When I look at *successful open-source software projects,* the ones that actually produce something that works, they all seem to be those that *are started by an individual. One person conceives of something new, creates it even if it's not very good, then gets it out to the people.* Often times there are two or three revisions by the original programmer before the app starts to gain public interest. Finally others, perhaps more skilled than the originator, pick up the project and push it forward, making improvements. I've seen countless pages on Sourceforge for incomplete projects begging for contributors (programmers) that have sat in the same unfinished state for years.

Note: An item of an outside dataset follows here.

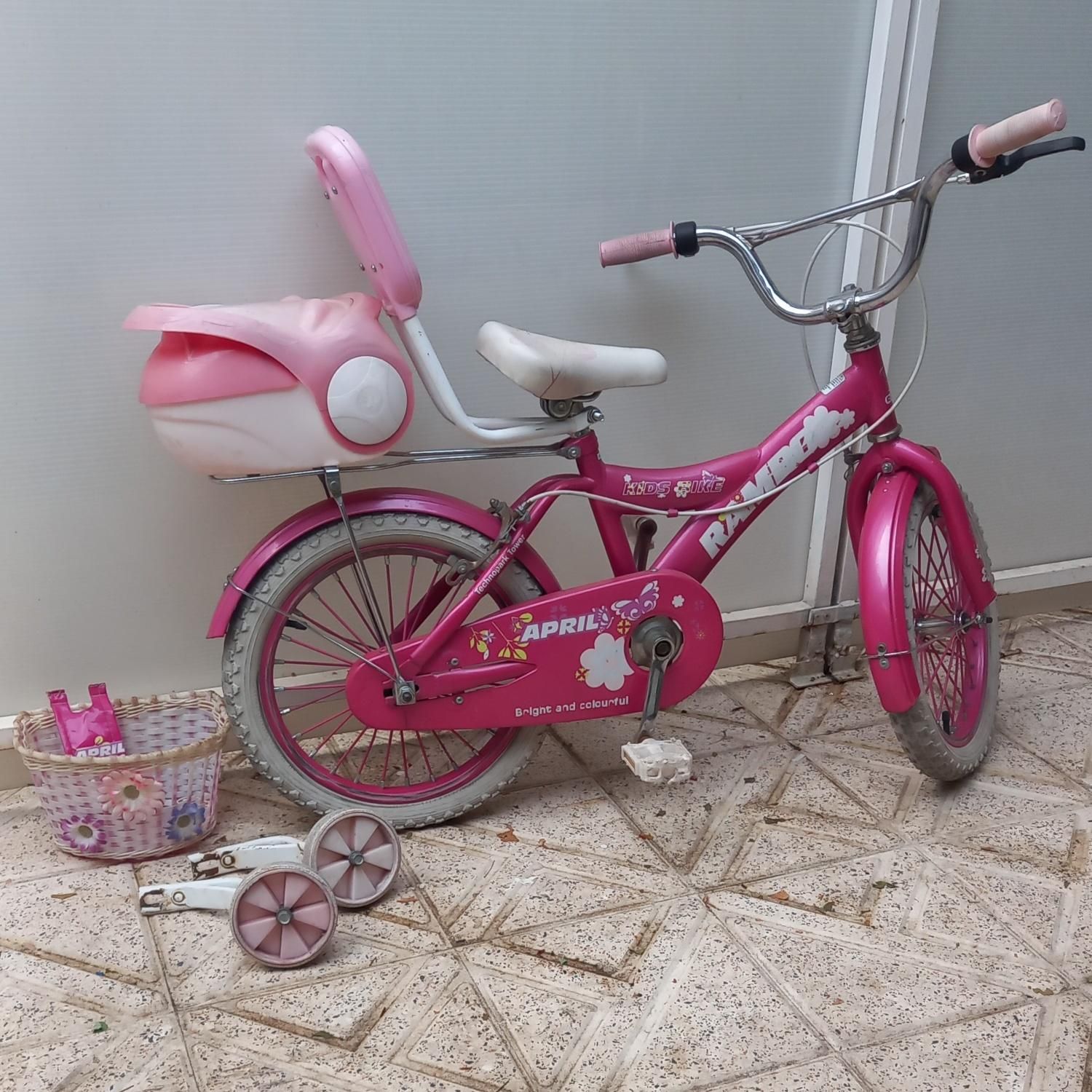 دو عدد دوچرخه 16 دخترانه و 26 ویوا ، سالم و تمیز|دوچرخه، اسکیت، اسکوتر|زنجان, |دیوار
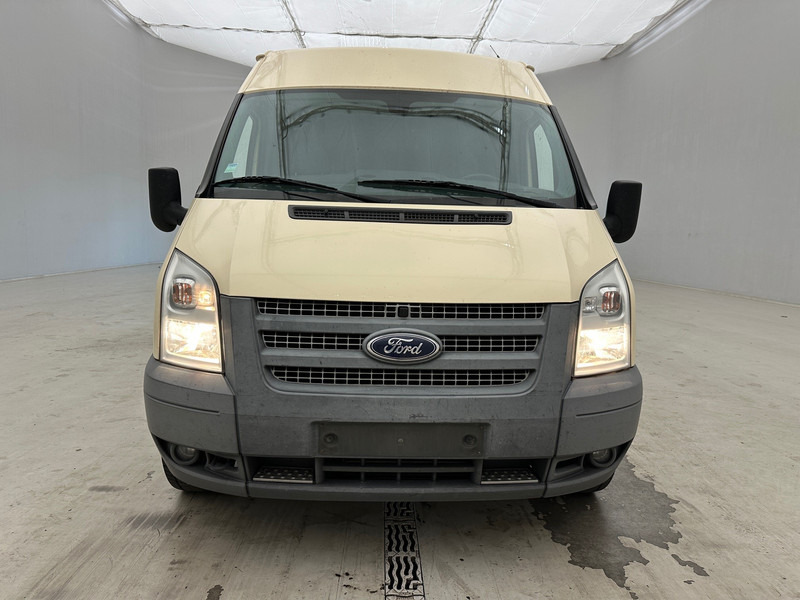 Ford Transit 125 - فان: صورة 2 Ford Transit 125 - فان: صورة 2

*The point is,* if you want to create a storyworld project, and eventually allow others to contribute, *it's probably best to work on it by yourself until you have something worth showing others.*

*If your storyworld is compelling, contributors will appear.* They always do. And some of those contributors will want to take it beyond your Wiki format (or however you've published your storyworld). Real storytellers will fall in love with what you've done and want to create real novels, or even trilogies, etc. So at some point you might want to think about how to share the creative process, or even if you want to share.

Speaking of *setting up a private Wiki,* one can install a product like XAMPP on your working PC, or on a spare PC. XAMPP will give you a working copy of Apache, MySQL, and PHP, as well as several other server-type goodies. The default setup is wide open and unsuitable for exposure to the 'Net, but as your personal development platform it rocks. MySQL and PHP are the foundation of many of the open-source Wikis. XAMPP isn't as easy to use as some packages, so a book or three may be necessary (such as _Apache Cookbook_), but XAMPP is free and it's updated often. The beauty of Apache/MySQL/PHP is that the vast majority of commercial hosting services offer it, so when ready to publish one could simply "drag and drop" the Wiki software and database into the commercial host's server.


*Now if you want to talk about storytelling alternatives to words on a page or screen, that's a completely different subject.* But also compelling.

S~


----------